Sustainable Fashion | Will Your Grandchildren Be Wearing Your Clothes?

DAS Outdoors A Little More Adventure Design Ellen Hembrow Fashion Fashion Design Industry Partners Partnerships Repurposed Sustainable

Today, Sustainable Fashion is a hot topic.

The want, and indeed need, for the environmental and social sustainability is slowly changing every industry on the planet.

Everything from the power we consume, the cars we drive, the food we eat and the clothes we wear.

DAS Outdoors has been way ahead of this curve, without many people realising.

We were established in 1988, originally as an army surplus store.

Army surplus and clothes from charity shops have been the epitome of sustainable fashion for decades.

Clothing that was designed, manufactured, sold, worn and discarded by one person, were given new lives by another.

The Modern Fashion Designer

There is a new breed of fashion designer that isn't prepared to leave that new life, the one our old clothes long for, to chance.

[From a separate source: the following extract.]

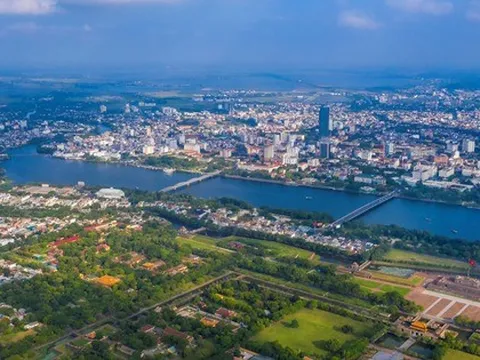 Bộ Nội vụ lên tiếng về thông tin "sáp nhập còn 16 tỉnh, thành phố"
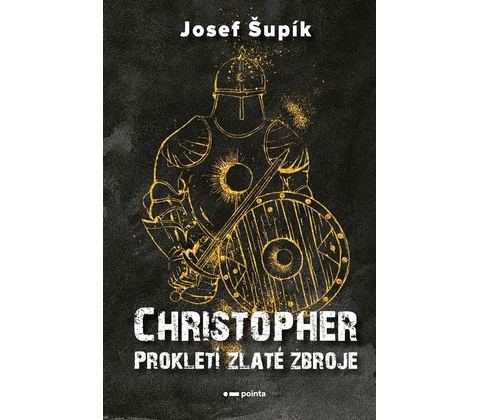 Christopher - Josef Šupík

Ellen Hembrow is a Fashion Design Engineer that is embracing sustainable fashion and looks at her industry in a different way to most.

According to Ellen, the fashion industry dictates that you design for a particular end user.

Man or women.

Tall or short.

Young or old.

"I think the way that I look at it is quite unique.

I don't design specifically for a particular consumer, because it's so focused on tailoring.

Anybody can wear what I make.

Mine isn't even specific to a gender!"

The Humble Shirt

In an interview we did with Ellen, she spoke about shirts.

How Rich was wearing a shirt on the day of filming, that Ellen herself was wearing a shirt a few days earlier.

"My dad wears shirts, and my children wear shirts.

So it's the same garment just on an array of different people and it doesn't matter your race, your sex, your religion.

Everybody kind of wears these garments, and that's just the way that I look at it."

Has Ellen hit upon the best idea?

The only true route to sustainable fashion?

If all of our clothes were made with tailoring in mind, it wouldn't matter if we got taller with age or our weight fluctuated, because that one piece of clothing could be altered to fit out size and shape at that particular time of our lives.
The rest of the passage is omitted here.